The English Wars, the seizing of the fleet, and the Treaty of Kiel in 1814

The conflict with Britain was temporarily over, and Denmark returned to a defensive policy of neutrality in an attempt to avoid a new conflict with major powers. However, in 1807, this strategy – and with it the lucrative use of neutrality to stimulate foreign trade – collapsed. The French emperor Napoleon had won great victories, and ruled most of Europe. France was at war with shifting coalitions of the other major powers, but in the summer of 1807 France and Russia made peace and demanded that neutral countries such as Denmark join an economic blockade – the Continental System – which forbade trade with Britain. The Danish state also faced an ultimatum from Britain: either enter into a British alliance or hand over its fleet unconditionally, which the country feared would be taken by the French.

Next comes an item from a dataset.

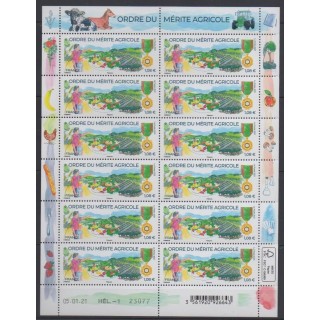 Buy this souvenir sheet  of France of the year 2021 (Nb F19 - Ordre du mérite agricole).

In the middle of August 1807, Britain sent fifty ships into Danish waters north of Copenhagen. Soldiers were put ashore on Sjælland and subsequently managed to surround the capital. Denmark was thus forced to choose sides in the war between France and Britain. The country’s regent, Crown Prince Frederik (VI), decided to reject British demands and instead joined forces with Napoleon. Since the demand to surrender the Danish fleet had not been met, the British launched a major bombardment of Copenhagen between 2 and 5 September, leaving the city devastated by bombs and fire, with hundreds of its inhabitants killed or wounded. The commander of Copenhagen was forced to sign a capitulation, and the British seized almost all the Danish fleet and sailed off with it. The loss of the fleet was serious, severely weakening the country’s military position. A vital part of Denmark’s means of defending its neutrality had been taken, and the country was at war with Great Britain.

The bombardment of Copenhagen on the night of 4 September 1807

The bombardment of Copenhagen on the night of 4 September 1807. The painter C.W. Eckersberg (1783–1853) was staying in the capital during the British attack from 2 to 5 September. He subsequently painted some of the dramatic events, in which around 6,000 grenades and fire rockets hit the city. The picture shows women, children and the wounded fleeing Copenhagen for Christianshavn over the Langebro bridge. This coloured engraving by G.L. Lahde (1765–1833) was based on Eckersberg’s painting from 1807. Photo: Royal Danish Library

Following the bombing of Copenhagen and the seizing of the Danish fleet, France and Denmark entered into a defence alliance, as the crown prince feared that Napoleon would otherwise invade Schleswig-Holstein and Jutland, and that Sweden would then be able to attack Sjælland. The alliance with France proved costly once the war turned against Napoleon. In January 1814, as part of the Treaty of Kiel, Denmark had to cede Norway to Sweden.